A Commentary by John Stott
Verse 12b: *You did me no wrong*. Paul has no complaint about their former treatment of him. On the contrary, their behaviour then had been exemplary.
What had happened when he visited Galatia? He reminds them in verse 13 that he had first preached the gospel to them ‘through infirmity of the flesh’ (AV) or ‘because of a bodily ailment’ (RSV). We do not know for certain what he meant. Luke says nothing in the Acts about illness being the cause of Paul’s visit to the Galatian cities. But presumably, unless he had an attack of some chronic condition, he caught an infection on his way to Galatia, which detained him there. Probably this disease, whatever it was, is the same as the ‘thorn’ of 2 Corinthians 12:7, which was also ‘in the flesh’ (that is, in his body) and an *astheneia*, a physical weakness or infirmity. Some people have guessed that Paul caught malaria in the mosquito-invested swamps of coastal Pamphylia, at the time when John Mark lost his nerve and returned home (Acts 13:13). If so, he would quite naturally have headed north and climbed on to the invigorating mountainous plateau of Galatia. But when he arrived in Galatia, he was in the grip of a great fever. Whatever the disease was, it evidently had unpleasant and unsightly symptoms. It seems to have disfigured him in some way. Further, if we read verse 15 in its context, it appears that this illness affected his eyesight, so that, if it had been possible, the Galatians would have plucked out their own eyes and given them to him. And, indeed, there is other evidence in the New Testament to suggest that Paul may have suffered from some form of ophthalmia (E.g. Acts 23:1-5; Gal.6:11).
All this, Paul’s physical weakness and disfigurement, was a great trial to the Galatians. Verse 14 should read not ‘*my* temptation which was in my flesh’ (AV), but ‘*your* temptation…’. That is, ‘my condition was a trial to you’ (RSV). The Galatians had been tempted to despise and reject Paul, to treat him with what Bishop Lightfoot calls ‘contemptuous indifference’ and even ‘active loathing’. But, Paul says, ‘you resisted any temptation to show scorn or disgust at the state of my poor body’ (NEB).

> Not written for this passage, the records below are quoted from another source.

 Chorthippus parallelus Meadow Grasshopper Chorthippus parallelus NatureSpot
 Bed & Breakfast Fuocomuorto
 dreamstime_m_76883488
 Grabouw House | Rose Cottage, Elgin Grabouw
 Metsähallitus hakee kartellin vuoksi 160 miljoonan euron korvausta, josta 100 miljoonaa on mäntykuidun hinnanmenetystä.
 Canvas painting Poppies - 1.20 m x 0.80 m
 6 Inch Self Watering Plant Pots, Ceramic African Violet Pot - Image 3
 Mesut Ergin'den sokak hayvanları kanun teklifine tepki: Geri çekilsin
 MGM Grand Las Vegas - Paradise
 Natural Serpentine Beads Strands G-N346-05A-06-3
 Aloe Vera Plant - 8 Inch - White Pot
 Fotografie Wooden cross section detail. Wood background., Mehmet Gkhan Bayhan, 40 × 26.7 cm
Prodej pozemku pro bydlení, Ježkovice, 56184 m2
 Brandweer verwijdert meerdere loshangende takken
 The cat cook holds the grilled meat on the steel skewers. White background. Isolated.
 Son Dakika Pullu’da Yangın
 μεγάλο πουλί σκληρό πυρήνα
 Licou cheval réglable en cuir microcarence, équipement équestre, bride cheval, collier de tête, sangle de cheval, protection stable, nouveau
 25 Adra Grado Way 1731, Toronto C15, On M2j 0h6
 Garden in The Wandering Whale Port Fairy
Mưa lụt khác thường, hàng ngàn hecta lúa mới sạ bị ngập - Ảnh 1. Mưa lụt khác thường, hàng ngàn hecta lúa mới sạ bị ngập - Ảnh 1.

Instead of rejecting him, they ‘received’ him. Indeed, he continues, *you…received me as an angel of God, as Christ Jesus* (verse 14).
This is an extraordinary expression. It is another plain indication of Paul’s self-conscious apostolic authority. He sees nothing incongruous about the Galatians receiving him as if he were one of God’s angels, or as if he were Christ Jesus, God’s Son. He does not rebuke the Galatians for paying an exaggerated deference to him, as he did when the crowd attempted to worship him in Lystra, one of the Galatian cities (Acts 14:8-18). On that occasion, after Paul had healed a congenital cripple, the pagan multitude cried out, ‘The gods have come down to us in the likeness of men!’ Priest and people tried to sacrifice oxen to Paul and Barnabas, until they rebuked and stopped them. Here, however, Paul does not rebuke them for receiving him as if he were God’s angel or God’s Christ. Although personally he knew that he was only their fellow-sinner, indeed, ‘the foremost of sinners’ (1 Tim. 1:15), yet officially he was an apostle of Jesus Christ, invested with the authority of Christ and sent on a mission by Christ. So they were quite right to receive him ‘as an angel of God’, since he was one of God’s messengers, and ‘as Christ Jesus’, since he came to them on the authority of Christ and with the message of Christ. The apostles of Christ were His personal delegates. Of such it was said in those days that ‘the one sent by a person is as the person himself’. Christ Himself had anticipated this. Sending out His apostles, He said: ‘He who receives you, receives me’ (Mt. 10:40). So, in receiving Paul, the Galatians quite rightly received him as Christ, for they recognized him as an apostle or delegate of Christ.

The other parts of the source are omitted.